Paul Ryan insists his ‘inarticulate’ comments about ‘inner city’ men were not about race
Paul Ryan attempted to walk back Wednesday’s comment in which described a “culture in our inner cities in particular of men not working, and just generations of men not even thinking about working and learning the value and culture of work.”
In a statement issued to ThinkProgress, Ryan insisted that his comment wasn’t “a thinly veiled racial attack,” as Rep. Barbara Lee (D-CA), a member of the Congressional Black Caucus, characterized it.

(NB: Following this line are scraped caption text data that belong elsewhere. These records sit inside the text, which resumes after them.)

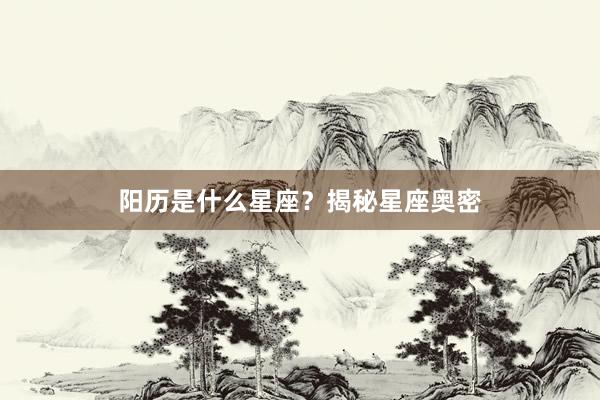 阳历是什么星座？揭秘星座奥密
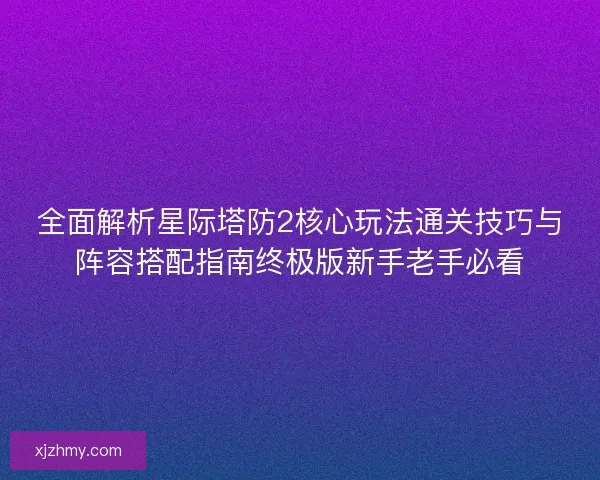 全面解析星际塔防2核心玩法通关技巧与阵容搭配指南终极版新手老手必看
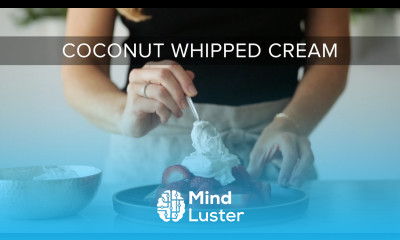 HOW TO MAKE COCONUT WHIPPED CREAM dairy free vegan whipped cream
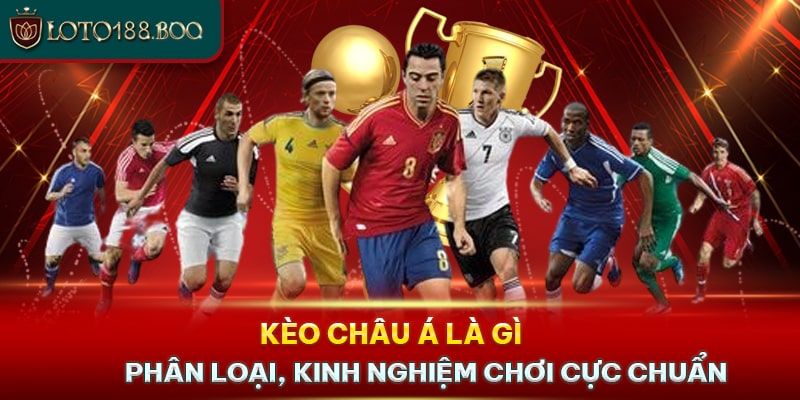 Kèo Châu Á Là Gì - Phân Loại, Kinh Nghiệm Chơi Cực Chuẩn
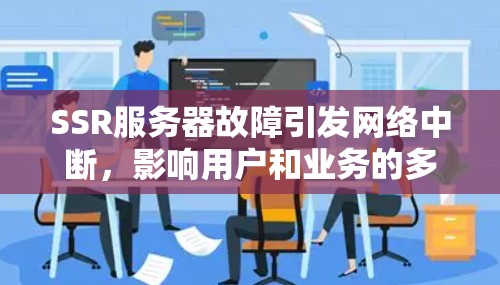 SSR服务器故障引发网络中断,影响用户和业务的多面影响 SSR服务器故障引发网络中断,影响用户和业务的多面影响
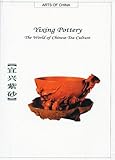 Yixing Pottery The World Of Chinese Tea Culture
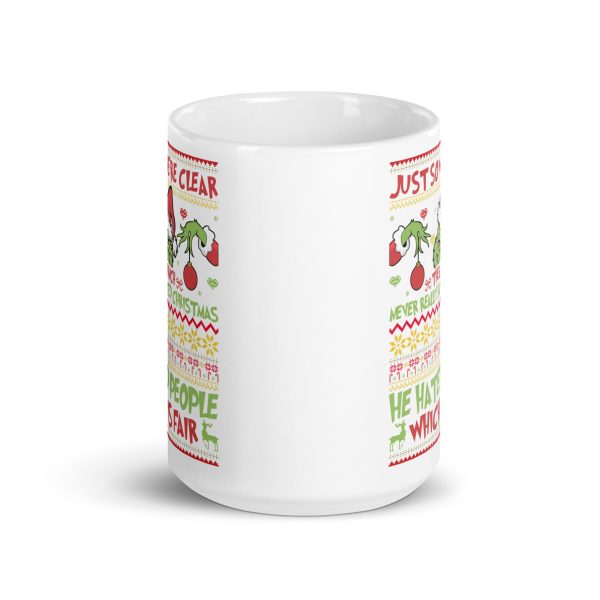 Just so we're clear the Grinch never really hated Christmas he hated people which is fair funny coffee mug / cup - Image 6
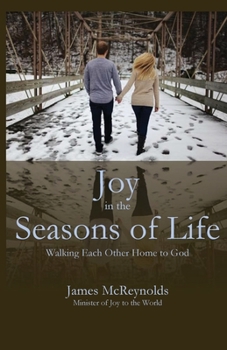 Paperback Joy in the Seasons of Life Book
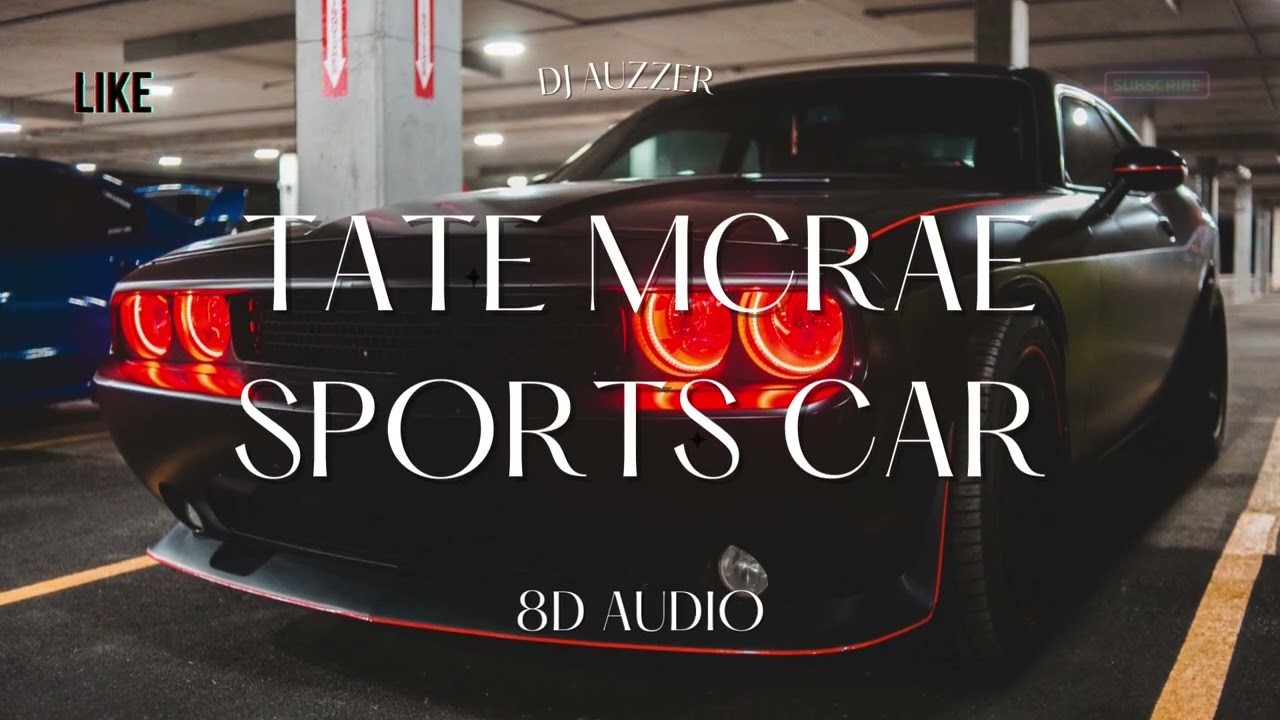 8D AUDIO | Tate McRae - Sports Car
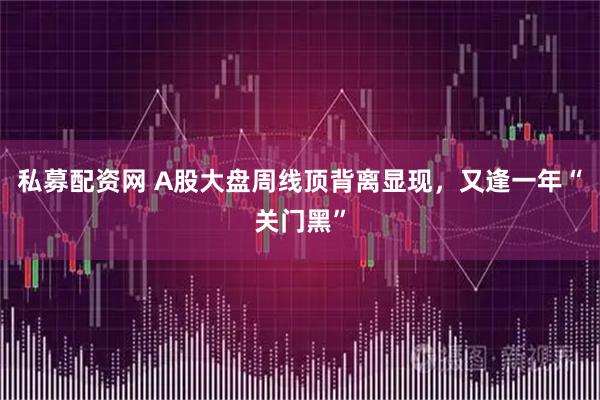 私募配资网 A股大盘周线顶背离显现，又逢一年“关门黑”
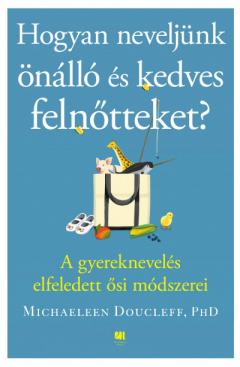 Hogyan neveljunk onallo es kedves felnotteket?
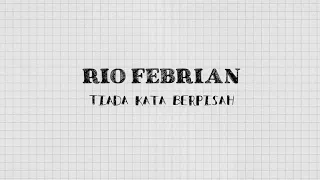 Rio Febrian - Tiada Kata Berpisah (Official Lyric Video)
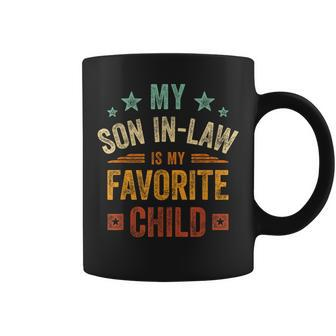 Mother Father Inlaw My Son In Law Is My Favorite Child Coffee Mug - Thegiftio UK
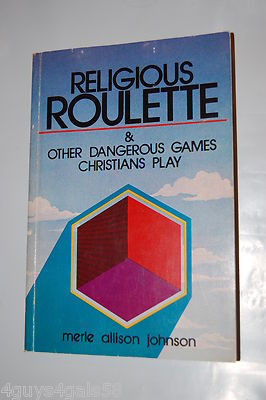 Religious Roulette & Other Dangerous Games Christians Play by Merle A. Johnson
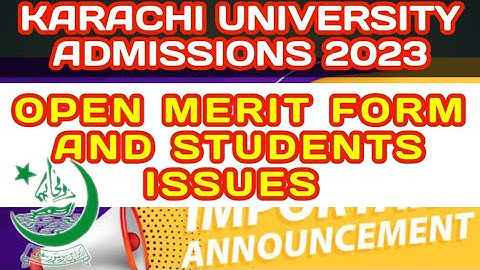 ISSUES WITH OPEN MERIT FORM FILLING I KARACHI UNIVERSITY ADMISSIONS
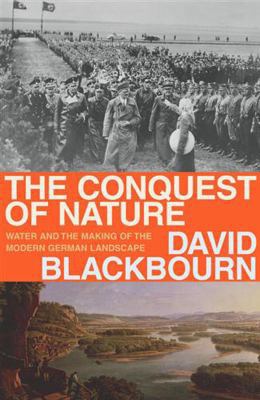 The Conquest of Nature: Water & the Making of t... 0224060716 Book Cover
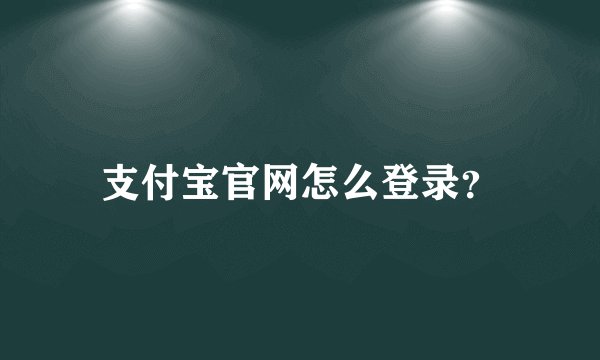 支付宝官网怎么登录？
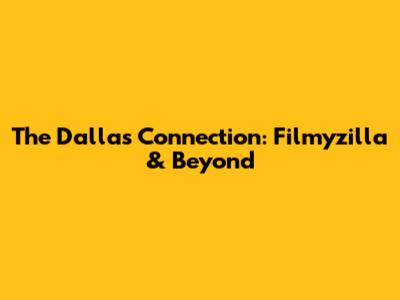 The Dallas Connection: Filmyzilla & Beyond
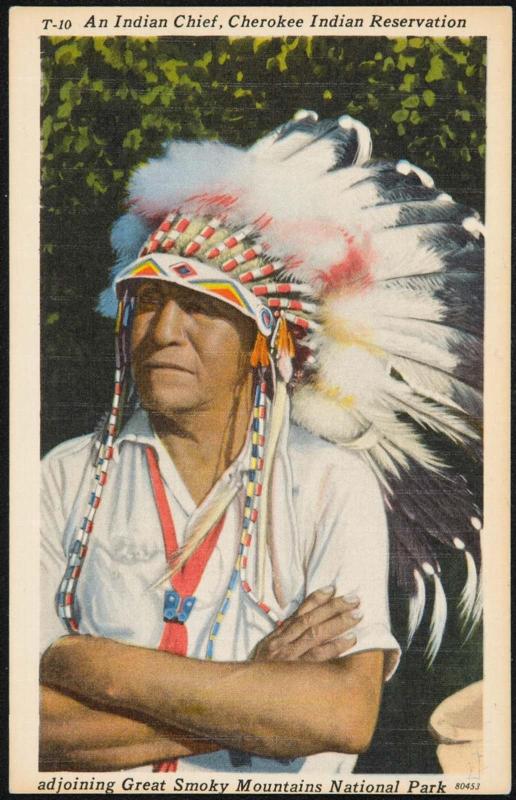 An Indian Chief, Cherokee Indian Reservation adjoining Great Smoky Mountains National Park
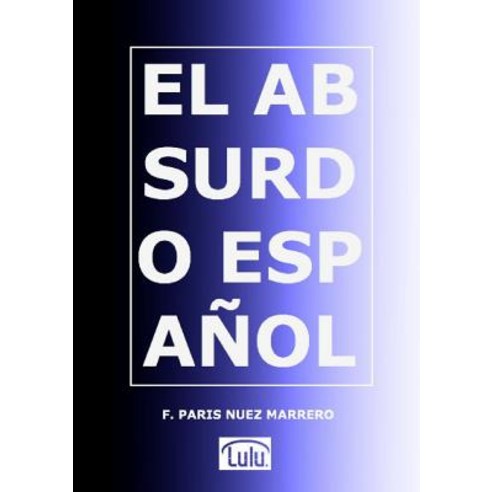 El Absurdo Espanol Paperback, Lulu.com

“It is clear that I was inarticulate about the point I was trying to make,” Ryan said in the statement. “I was not implicating the culture of one community—but of society as a whole. We have allowed our society to isolate or quarantine the poor rather than integrate people into our communities. The predictable result has been multi-generational poverty and little opportunity. I also believe the government’s response has inadvertently created a poverty trap that builds barriers to work.”
Ryan told a blogger from Crew of 42 that his initial comments had “nothing to do whatsoever with race.”
They were “taken out of context — it was, that was — out of left field — out of context.”
“This isn’t a race based comment it’s a breakdown of families, it’s rural poverty in rural areas, and talking about where poverty exists — there are no jobs and we have a breakdown of the family. This has nothing to do with race,” he insisted.